Presiden Iran Masoud Pezeshkian memberlakukan undang-undang yang menangguhkan kerja sama dengan badan pengawas nuklir PBB, Badan Tenaga Atom Internasional (IAEA). Sebelumnya, undang-undang itu telah disahkan parlemen pekan lalu.
"Pemerintah memerintahkan untuk segera menghentikan semua kerja sama dengan Badan Tenaga Atom Internasional dan Perjanjian Pengamanan yang terkait," demikian laporan televisi pemerintah Iran mengutip isi undang-undang tersebut, dikutip dari AP, Rabu (2/7).
"Penangguhan ini akan tetap berlaku hingga kondisi tertentu terpenuhi, termasuk jaminan keamanan fasilitas nuklir dan para ilmuwan," lanjut laporan itu.
Undang-undang itu menetapkan bahwa inspeksi mendatang di situs nuklir Iran oleh IAEA membutuhkan persetujuan Dewan Keamanan Nasional Tertinggi Teheran.
Menlu Iran Abbas Araqchi mengatakan dalam wawancara dengan CBS News situs nuklir Fordow rusak parah akibat bom AS.
Meski demikian, Araqchi juga mengungkapkan negaranya masih membuka pintu diplomasi dengan AS untuk kembali membahas kesepakatan nuklir.
"Saya rasa negosiasi tidak akan dimulai secepat itu. Tapi pintu diplomasi tidak akan pernah ditutup," ujarnya.
Iran sebelumnya memang telah mengancam akan menghentikan kerja sama dengan IAEA, menuduh mereka berpihak dengan negara-negara Barat dan memberikan pembenaran atas serangan udara Israel.
Serangan Israel ke Iran pada 13 Juni lalu dilakukan satu hari setelah dewan IAEA memberikan suara untuk menyatakan Iran melanggar kewajiban berdasarkan Perjanjian Non-Proliferasi Nuklir.
"Kami mengetahui laporan itu. IAEA menunggu informasi lebih lanjut dari Iran," kata IAEA dalam pernyataannya, dikutip dari Reuters.
Sementara, Menlu Israel Gideon Saar menyebut langkah Iran itu memalukan.
"Iran baru saja mengumumkan pengumuman yang memalukan tentang penangguhan kerja samanya dengan IAEA. Ini adalah penolakan total terhadap semua kewajiban dan komitmen nuklir internasional," kata Saar.

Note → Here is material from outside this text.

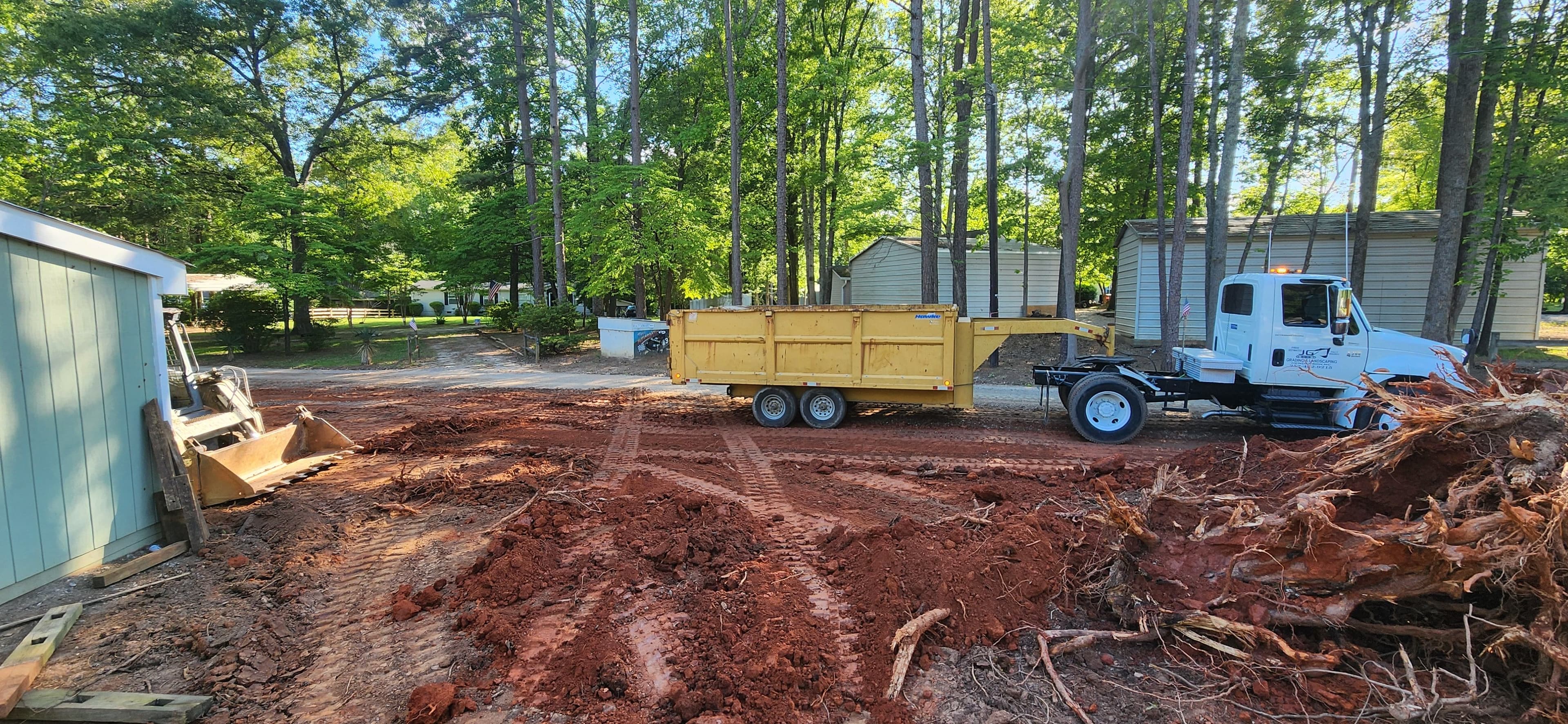 Construction site with a dump truck and bulldozer amid cleared trees and red soil.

Saar juga mendesak negara-negara Eropa yang jadi bagian kesepakatan nuklir Iran tahun 2015 untuk menerapkan apa yang disebut klausul snapback. Dalam klausul itu, PBB akan memberlakukan kembali sanksi yang sebelumnya diberlakukan kepada Iran jika salah satu negara Barat menyatakan Iran tidak mematuhinya.